- **Exercise details**:
Your output should be exactly the lines from the one containing "A bedroom with" through the last line of the listing, and nothing else. Pictures stay out.

=== Section Start ===

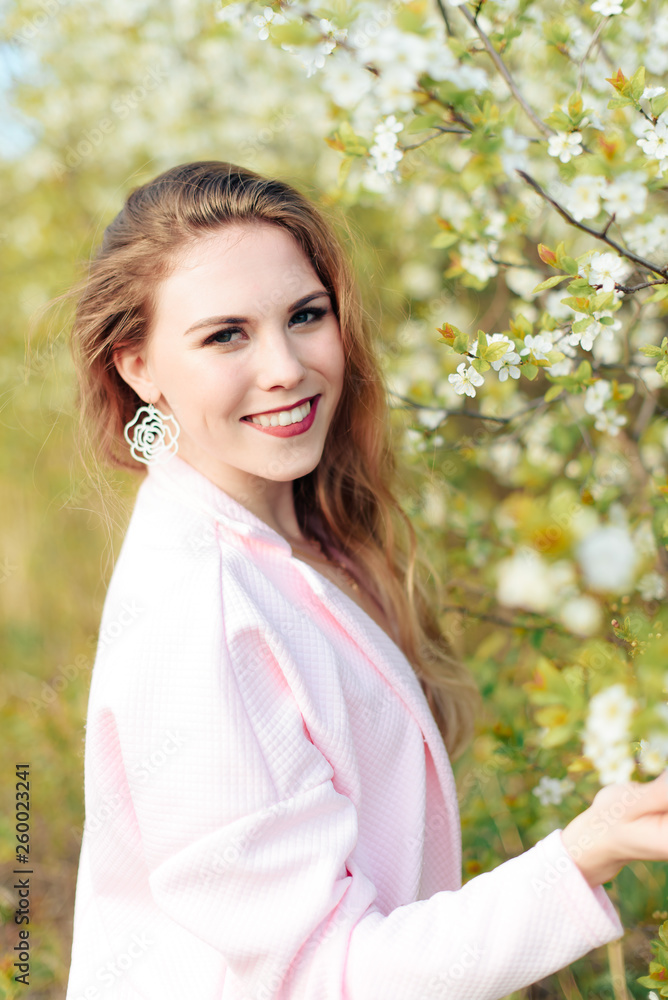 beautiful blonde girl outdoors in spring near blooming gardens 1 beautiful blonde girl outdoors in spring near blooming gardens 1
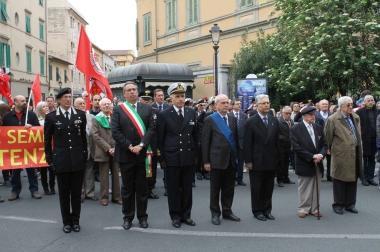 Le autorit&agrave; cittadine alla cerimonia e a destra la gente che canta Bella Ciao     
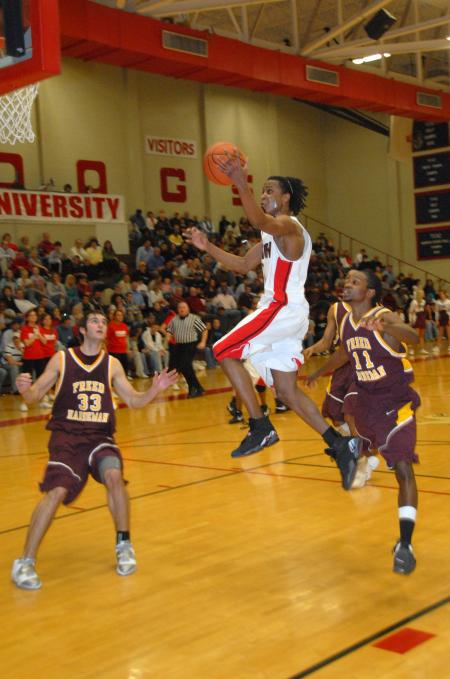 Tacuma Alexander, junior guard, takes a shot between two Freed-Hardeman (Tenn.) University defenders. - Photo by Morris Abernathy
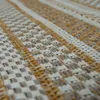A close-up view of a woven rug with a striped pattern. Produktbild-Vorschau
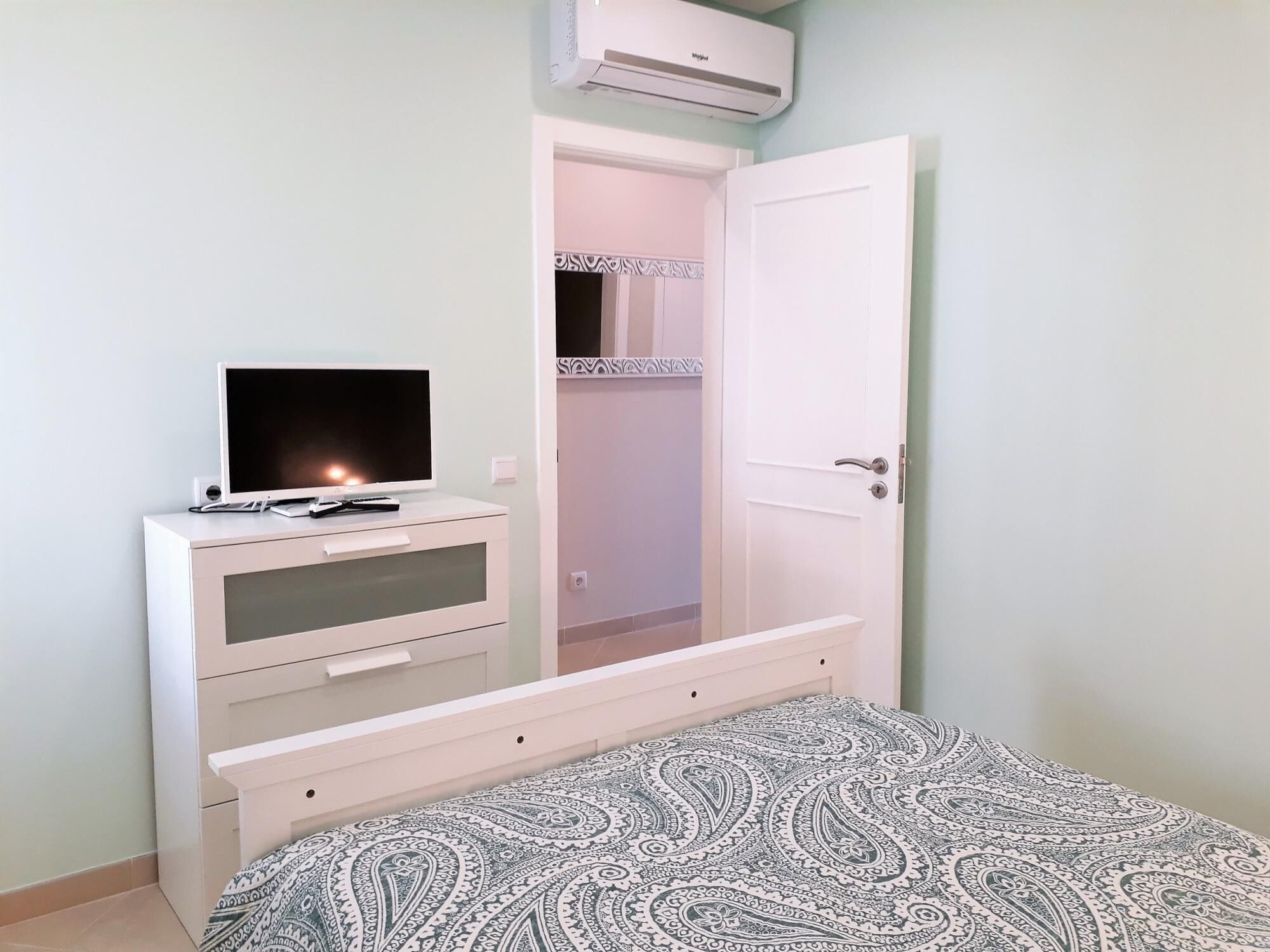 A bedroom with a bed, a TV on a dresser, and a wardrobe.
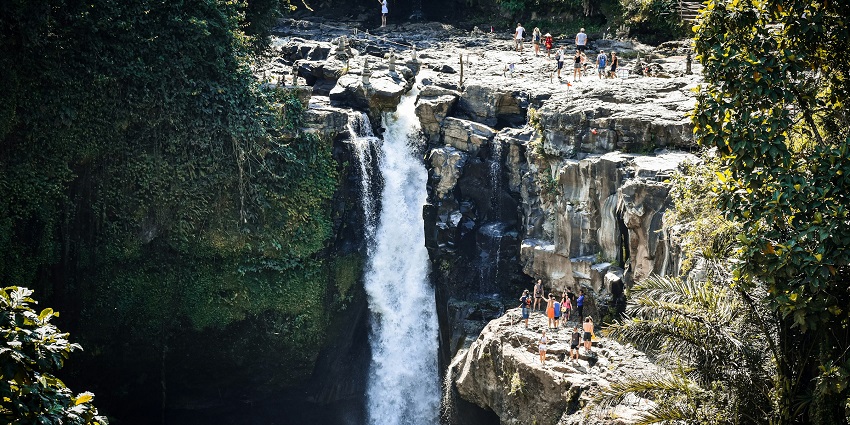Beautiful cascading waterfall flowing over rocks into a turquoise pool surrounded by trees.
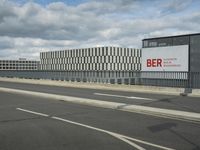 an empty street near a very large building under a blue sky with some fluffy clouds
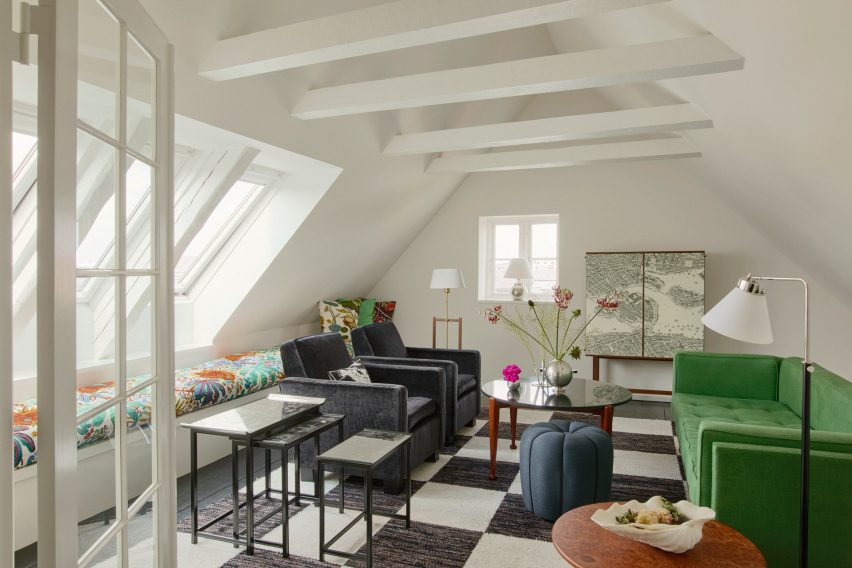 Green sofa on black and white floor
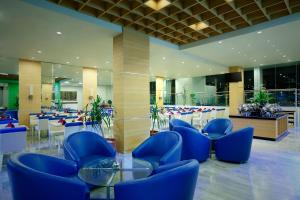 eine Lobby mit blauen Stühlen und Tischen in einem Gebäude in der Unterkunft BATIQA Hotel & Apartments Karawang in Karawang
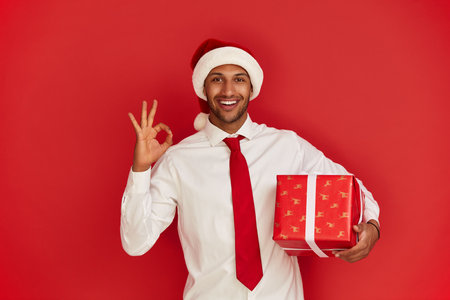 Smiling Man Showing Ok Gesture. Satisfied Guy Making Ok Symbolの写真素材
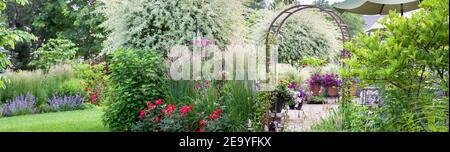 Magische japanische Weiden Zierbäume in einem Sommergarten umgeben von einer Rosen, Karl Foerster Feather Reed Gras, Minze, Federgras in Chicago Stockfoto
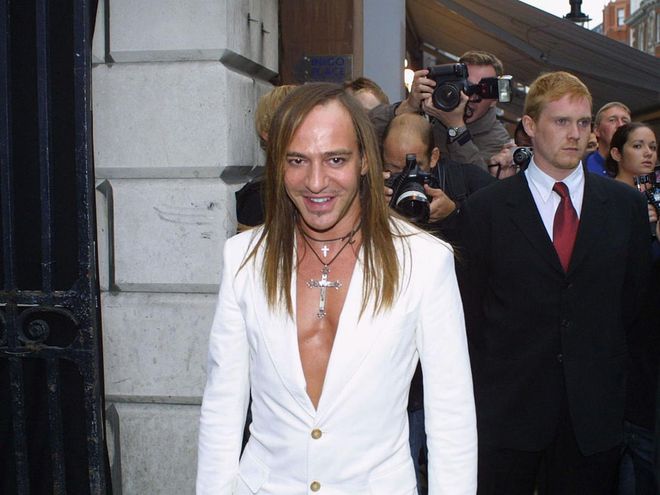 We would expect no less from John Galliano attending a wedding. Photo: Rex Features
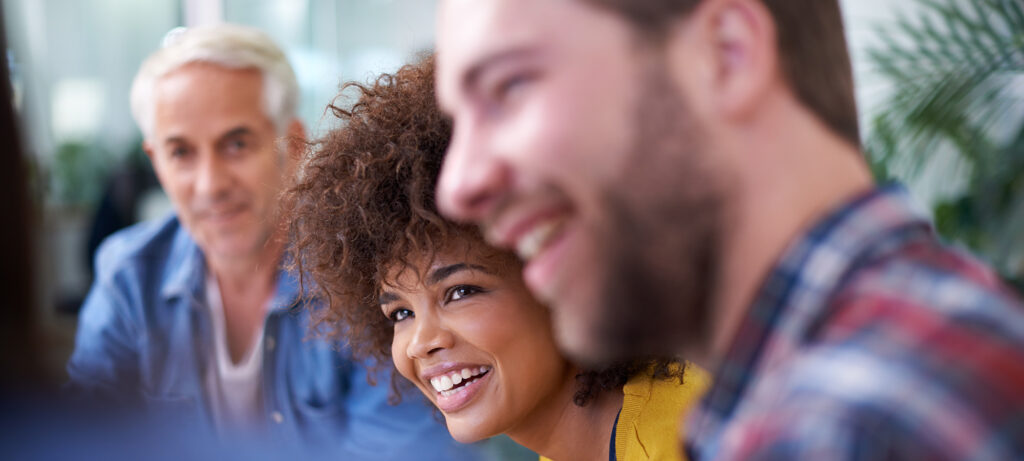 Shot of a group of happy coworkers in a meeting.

=== Section End ===

- **Response**:
 A bedroom with a bed, a TV on a dresser, and a wardrobe.
Beautiful cascading waterfall flowing over rocks into a turquoise pool surrounded by trees.
 an empty street near a very large building under a blue sky with some fluffy clouds
 Green sofa on black and white floor
 eine Lobby mit blauen Stühlen und Tischen in einem Gebäude in der Unterkunft BATIQA Hotel & Apartments Karawang in Karawang
 Smiling Man Showing Ok Gesture. Satisfied Guy Making Ok Symbolの写真素材
 Magische japanische Weiden Zierbäume in einem Sommergarten umgeben von einer Rosen, Karl Foerster Feather Reed Gras, Minze, Federgras in Chicago Stockfoto
 We would expect no less from John Galliano attending a wedding. Photo: Rex Features
 Shot of a group of happy coworkers in a meeting.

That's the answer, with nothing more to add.